I have so inextricably linked Psalm 22 to the words of Jesus on the cross that I don’t think I have ever really read the Psalm in its own light before.
Yes, Jesus quoted “My God, my God, why have you forsaken me” (Psalm 22:1) on the cross, and there are quite incredible messianic parallels throughout the psalm that the gospels draw upon, from pierced hands and feet to villains dividing his clothes and casting lots for them. But what if the shadow of the cross prevents me from seeing and appreciating the psalm in its own light?
This psalm is honest about feelings of doubt, abandonment and suffering, while simultaneously expressing hope, trust and remembering God’s faithfulness.
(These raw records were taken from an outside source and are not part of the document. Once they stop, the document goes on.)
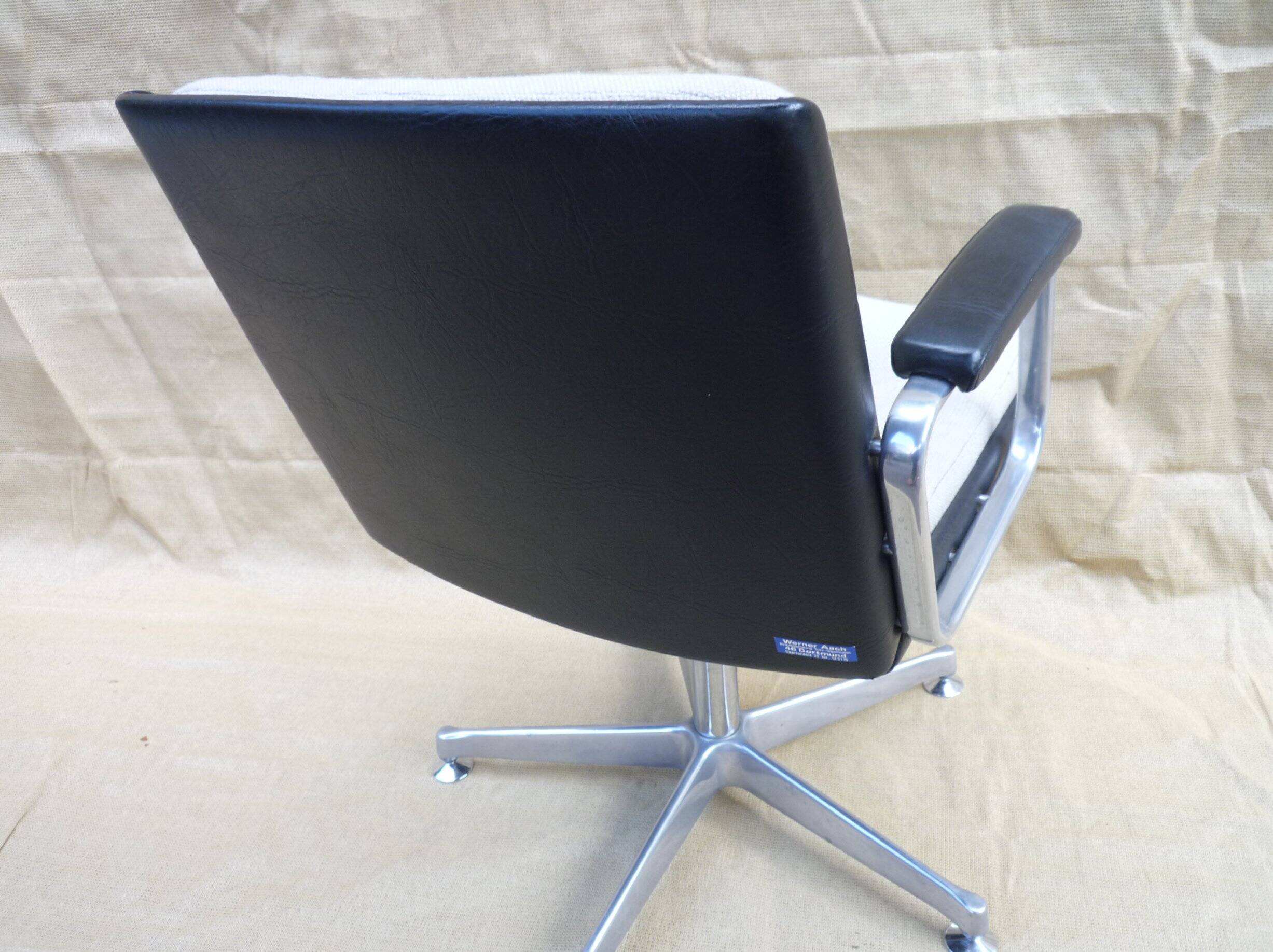 Office chair in wool and leather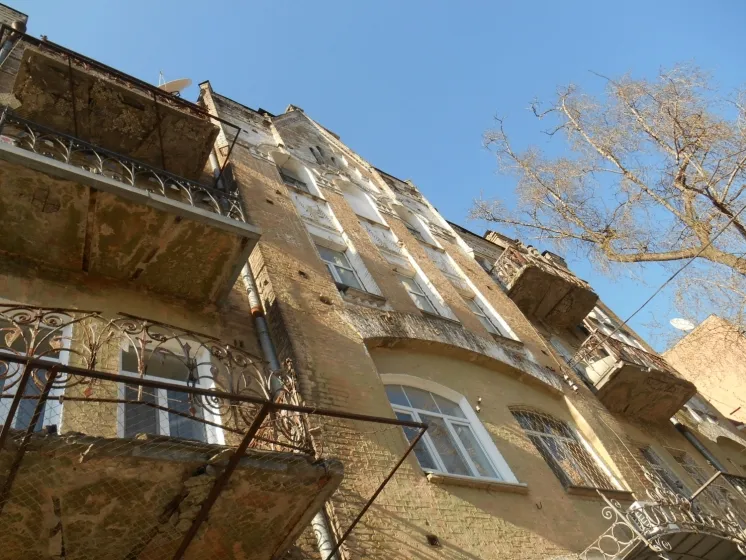 Нераціонально запам'ятовувати похмурі дні, враховуючи таку кількість сонячних — фото 4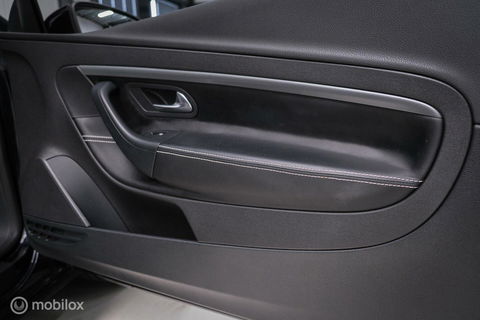 Volkswagen Eos 1.4 TSI Highline | Leder | Glazen schuifdak | Stoelverwarming | Navigatie | PDC | NL auto NAP | Cruise | Clima |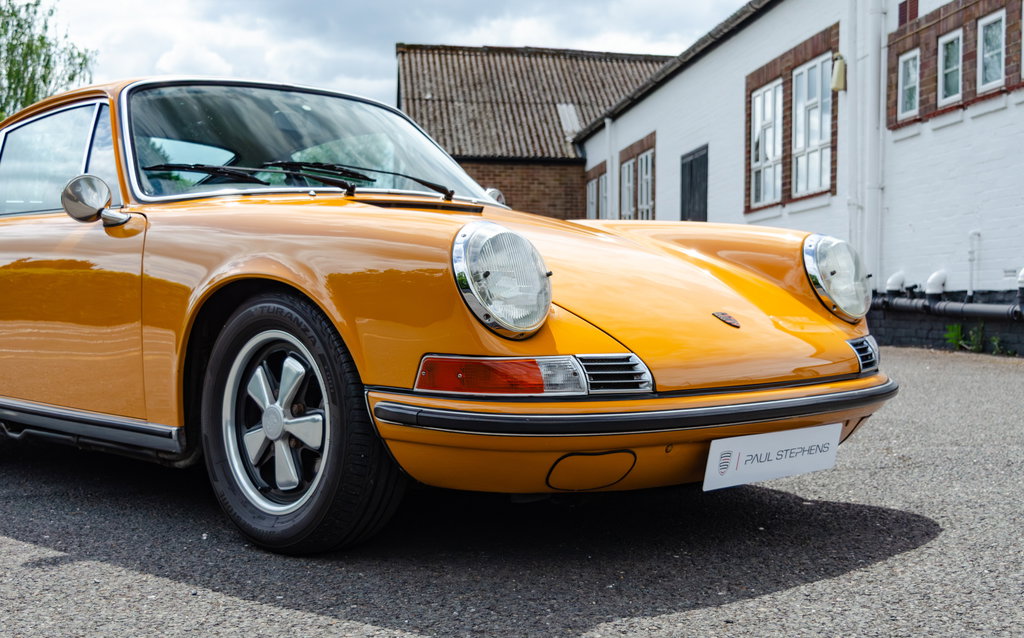 Porsche 911 E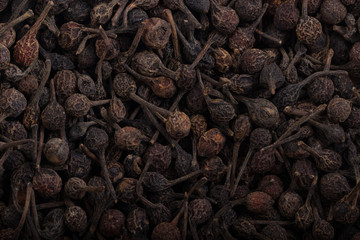 voatsiperifery wild pepper background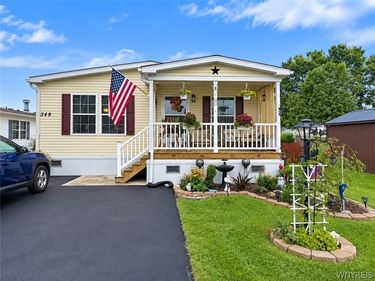 349 Applewood Drive, Lockport, NY 14094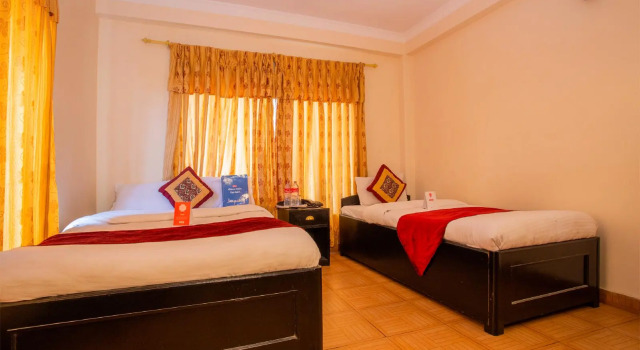 OYO 143 Hotel Stay Well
It’s a paradoxical tension of feeling abandoned and swallowed up, while also forcing yourself to continue to trust, because you know you do even though right now you don’t.
This resonates with me. I know the good things God has done and is doing; and I see the goodness of God around me, even while I also, in the same breath, express my doubt and sometimes wonder how I have been hoodwinked into trusting this invisible invention. I feel like the double-minded man the Book of James warns against (James 1:6-8), but I also feel like the man who says, “Lord I believe, help my unbelief” (Mark 9:24).
Our ever-shrinking world can be an overwhelming myriad of ideas and beliefs. Jesus says, “Seek and you shall find.” If you’re looking for evidence to point toward God’s existence, there is plenty there. If you want to find reasons to reject God’s existence, there is plenty there. I suppose there are many reasons to believe or doubt, but I was brought up with a worldview that assumes God exists, and mostly I have found this a very healthy and hopeful place from which to live.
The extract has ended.